Так мы ходили, петляли по лесу. На третьи сутки многие бойцы опять спали на ходу. Пришлось назначать более сильных, которые заснувших, сбившихся с дороги затаскивали назад, на дорожку. Запаса продуктов никакого не было. Боеприпасы вышли. Люди бессилели и мерзли.
Через четверо суток остановились, зажгли костры, на которых бойцы начали гореть. Протянув руки к огню, человек уже не чувствовал, что они горят. Загоралась одежда, и человек сгорал.
На одном из горевших осталось только полваленка, и он уже без сознания брал в руки снег и бросал в огонь. Приказали тушить огни и оттаскивать от них бойцов. Через пятеро суток совсем обессилели, стали падать и мерзнуть.
Ночью остановились, и я тоже обессилел и упал. К счастью, из пяти человек, отправленных мною через линию фронта (трое разведчиков и двое моих), двое вернулись. Из них один мой боец – пожилой светло-русый Зырянов. Он дал мне сухарь – грамма четыре. Я съел и встал.
В это время немцы нас блокировали с двух сторон и открыли огонь. Завязался бой. Собрали у всех последние патроны для группы прикрытия и стали отходить из-под обстрела. Немцы – за нами в преследование. Мы отошли километра два, повернули обратно, обошли отряд немцев и вновь вернулись на это место.
Объявили, что идем на пролом к своим. Была холодная ночь. Перешли железную дорогу недалеко от станции. Видим, у немцев горит громадный костер, как будто дом горит. Немцев много, стоят вокруг него, греются. Мы прошли около них метрах в семидесяти без единого выстрела. От огня они, видимо, не видели нас.
Пришли на свои исходные позиции к Спасской Полисти. Сходили за кашей, которой в кухне наварено было много, а нас вернулось мало. Каши ели, кому сколько влезет, хоть два котелка, а Гончарук, большой и тихоповоротный, съел полное ведро каши. Все удивились. А у него все прошло благополучно.
В полку опять оставалось мало, несколько десятков человек. Нас направили на формирование. Комполка поручил мне сопровождать пятерых, слабых и обмороженных. Мы отстали и двигались самостоятельно.
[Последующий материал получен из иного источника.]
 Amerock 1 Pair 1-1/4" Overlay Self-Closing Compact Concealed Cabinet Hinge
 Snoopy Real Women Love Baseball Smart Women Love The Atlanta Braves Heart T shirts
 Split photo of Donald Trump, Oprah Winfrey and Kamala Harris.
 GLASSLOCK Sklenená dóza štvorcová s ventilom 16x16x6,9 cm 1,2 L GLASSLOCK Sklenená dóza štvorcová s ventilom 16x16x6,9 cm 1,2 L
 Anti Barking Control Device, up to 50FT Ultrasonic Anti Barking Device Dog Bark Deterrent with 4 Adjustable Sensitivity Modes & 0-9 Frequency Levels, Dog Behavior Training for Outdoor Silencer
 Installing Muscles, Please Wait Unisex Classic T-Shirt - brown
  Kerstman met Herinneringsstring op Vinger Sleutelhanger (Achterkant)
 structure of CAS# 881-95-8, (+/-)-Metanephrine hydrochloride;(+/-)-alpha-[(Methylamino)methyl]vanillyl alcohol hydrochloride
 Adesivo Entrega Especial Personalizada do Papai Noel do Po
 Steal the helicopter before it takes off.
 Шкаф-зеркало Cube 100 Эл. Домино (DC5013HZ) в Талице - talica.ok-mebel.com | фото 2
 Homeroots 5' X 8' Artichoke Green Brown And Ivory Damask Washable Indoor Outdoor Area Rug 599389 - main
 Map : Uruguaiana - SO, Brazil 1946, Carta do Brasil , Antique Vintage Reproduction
Шли по фронтовым, кое-где разграбленным дорогам. Уже ночь. Видим, в стороне от дороги огонь и шалаш. Зашли. Там живут дорожники – пожилые солдаты, очищающие от снега дороги. Они накормили нас консервным супом. Для нас, не евших супа с лета, он показался деликатесом. Впервые за зиму ночевали не на снежной постели, а в шалаше на ветках, в тишине, как говорят, как в раю.
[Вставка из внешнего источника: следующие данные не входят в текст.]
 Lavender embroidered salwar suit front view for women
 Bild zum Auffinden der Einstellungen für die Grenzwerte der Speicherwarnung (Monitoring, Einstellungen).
Утром двинулись в поход без всяких продуктов и к вечеру обессилели. Стали просить проходящие машины подвести, но не одна не берет. Тогда Гончарук говорит, я идти не могу, все равно умирать или замерзать, ложусь на дорогу, пускай машина давит. Лег поперек дороги, машина идет, гудит, гудит, а он не встает, лежит. Шофер подъехал вплотную к нему и остановился. Вышел из машины и стал ругаться. Объяснили ему все, и он смирился, посадил нас и довез до станции «Гряды».